Sri Lanka’s political leadership needs to keep (in mind that in spite of the incumbent Republican’s departure from the White House in January 2021), the policy adopted by the quartet led by the sole superpower US, also comprising Japan, Australia and India, vis-a-vis Sri Lanka, is expected to remain the same. The grouping’s policy will be primarily influenced by Sri Lanka’s relationship with China, especially against the backdrop of the much-deteriorated China-India relations.

Moragoda’s appointment received the approval of the Parliament, amidst a campaign directed at the former Minister, who played a significant role in Wickremesinghe’s disastrous efforts to settle the North-East issue, with the help of the Norwegians. Those who opposed Moragoda’s appointment found fault with him over his controversial role as an UNPer, as well as an opinion maker. They made representations to the Parliamentary High Posts Committee, chaired by Speaker Mahinda Yapa Abeywardena, against Moragoda’s appointment. The Parliament obviously rejected criticisms of Moragoda’s conduct, as a politician, hence the unanimous approval.
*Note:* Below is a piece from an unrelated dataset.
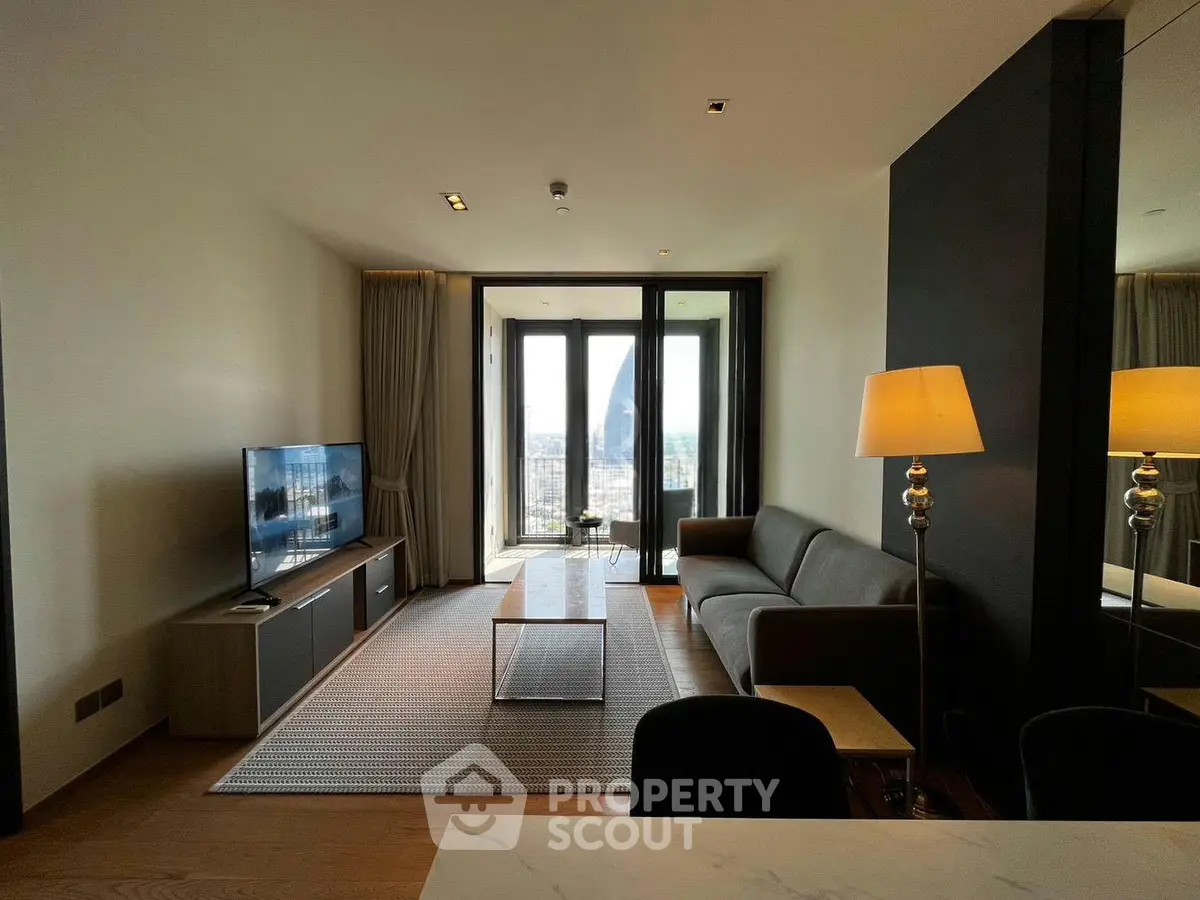 Modern living room with city view, sleek furniture, and large windows in a high-rise apartment.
In the wake of the attacks on Moragoda, as well as criticism of government decisions, as regards some other appointments, President Gotabaya Rajapaksa explained his position in this regard. The President resorted to the issuance of an unprecedented statement defending the appointments made by his government. Those backing the government, but strongly opposed to some of the appointments, extensively used social media to target the nominees. Moragoda was repeatedly attacked. National Freedom Front leader Wimal Weerawansa, who is also a member of the cabinet, publicly questioned Moragoda’s conduct and his brainchild, Pathfinder Organization. Weerawansa even categorized the Pathfinder Organization as a CIA front. Whatever the criticism, as regards the founder of the Pathfinder Oganisation, the new envoy to New Delhi can certainly articulate the President’s stand. Moragoda, both in and out of the Parliament, enjoyed excellent relations with influential countries.

 

Prez won’t succumb to pressure

 

In a statement headlined ‘No intention of changing appointments recently made after deep thought in the face of pressure’ the President urged distractors not to undermine those who had been chosen by the government. The President’s Office issued the following statement on Sept. 2, 2020: “Pressure is being mounted against certain appointments recently made by the President and the Government. All these appointments were made with the utmost consideration of our country’s sovereignty, national security and implementation of the Saubhagyaye Dekma policy statement. Also, the President emphasizes such appointments have been made after careful scrutiny of loyalty to the nation, qualifications and background of these individuals so that policies of the Government can move forward in a successful manner.

The President stressed that he had no intention of changing such appointments, made after deep thinking, or to replace them with different persons in the face of pressure. As such, the President politely requests everyone not to pressure him or the Government to change these appointments.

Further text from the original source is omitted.